Article publié en collaboration avec l’Aleps.

Lloyd Shapley et Alvin Roth ont reçu le prix Nobel d’économie. Pourquoi ? Pour avoir, dit-on, proposé une nouvelle formulation de la loi de l’offre et de la demande. Certes offre et demande doivent s’accorder : un commerçant sans client ferme boutique, et un malade sans médecin va souffrir ou mourir. Mais les deux économistes américains auraient eu le mérite de découvrir un modèle infaillible pour sceller cet accord.

Sont-ils d’ailleurs des économistes ? Shapley le dit simplement : « Je suis un mathématicien alors que cette récompense est destinée aux économistes ». Alvin Roth a réalisé un « travail empirique » à partir de la découverte de Shapley en plaçant 20.000 jeunes médecins en recherche d’emploi dans les hôpitaux américains. Shapley et Roth s’inscrivent dans le corps de la théorie des « appariements » (assortiments) permettant la formation d’un couple durable.

Pour les jurés du Nobel et les commentateurs, ces oeuvres devraient permettre de « rendre les marchés plus efficients », grâce à un nouveau modèle (mathématique) de rencontre de l’offre et de la demande.

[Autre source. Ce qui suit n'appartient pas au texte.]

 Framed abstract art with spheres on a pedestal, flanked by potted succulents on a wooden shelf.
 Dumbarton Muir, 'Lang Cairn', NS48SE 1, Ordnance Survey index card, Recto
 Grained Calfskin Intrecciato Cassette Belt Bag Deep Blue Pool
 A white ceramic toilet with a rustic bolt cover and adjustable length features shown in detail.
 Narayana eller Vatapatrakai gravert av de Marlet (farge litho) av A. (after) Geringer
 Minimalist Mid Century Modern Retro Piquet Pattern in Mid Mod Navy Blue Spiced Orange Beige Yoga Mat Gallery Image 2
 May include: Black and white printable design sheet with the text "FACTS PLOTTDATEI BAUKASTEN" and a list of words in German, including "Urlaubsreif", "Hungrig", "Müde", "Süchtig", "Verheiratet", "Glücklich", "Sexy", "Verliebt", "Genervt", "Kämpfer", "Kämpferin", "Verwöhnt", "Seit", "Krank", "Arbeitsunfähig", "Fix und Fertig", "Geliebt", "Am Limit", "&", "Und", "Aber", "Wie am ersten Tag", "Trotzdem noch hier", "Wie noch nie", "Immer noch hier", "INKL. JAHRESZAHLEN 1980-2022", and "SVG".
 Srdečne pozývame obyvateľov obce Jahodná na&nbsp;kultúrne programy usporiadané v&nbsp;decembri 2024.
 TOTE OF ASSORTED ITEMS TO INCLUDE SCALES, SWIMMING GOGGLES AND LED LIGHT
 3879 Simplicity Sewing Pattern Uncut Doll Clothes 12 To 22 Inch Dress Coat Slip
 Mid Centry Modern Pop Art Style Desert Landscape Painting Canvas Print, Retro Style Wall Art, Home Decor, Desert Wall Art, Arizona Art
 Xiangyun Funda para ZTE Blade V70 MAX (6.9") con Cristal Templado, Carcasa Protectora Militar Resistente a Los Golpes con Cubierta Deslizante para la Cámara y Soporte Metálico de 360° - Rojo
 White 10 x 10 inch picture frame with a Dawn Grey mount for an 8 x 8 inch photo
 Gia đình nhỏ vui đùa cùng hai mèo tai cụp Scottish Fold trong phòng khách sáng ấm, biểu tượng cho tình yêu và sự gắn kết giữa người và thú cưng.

Ce modèle se déduit de la théorie des jeux, qui se propose de trouver la solution la plus logique pour chacun des deux joueurs dont les intérêts sont différents, mais peuvent converger (jeux coopératifs), ou diverger (conflits, du genre des Kriegspill, jeux stratégiques auxquels se livrent les états-majors militaires).

Question : le marché est-il un jeu coopératif, et les joueurs arrêtent-ils leurs décisions en fonction de ce qu’ils pensent de la décision de l’autre joueur ? Certes le marché est coopération, et coordination. Mais une économie de marché ne se résume pas à la signature d’un contrat, et les signataires ne sont pas des robots programmés par des mathématiciens. Le marché est information, et les parties en présence font des choix subjectifs, sans cesse variables, et influencés par le contexte institutionnel.

C’est dire que l’économie sur laquelle Roth et les autres travaillent ne correspond à aucune réalité. Le processus d’appariement relève davantage de la planification centralisée que de l’économie de marché, où la loi de l’offre et de la demande n’implique pas l’intervention d’un arbitre extérieur, mais le libre choix des contractants. L’économie mathématique a égaré les économistes, qui ont trahi leur science pour jouer à l’économie modélisée.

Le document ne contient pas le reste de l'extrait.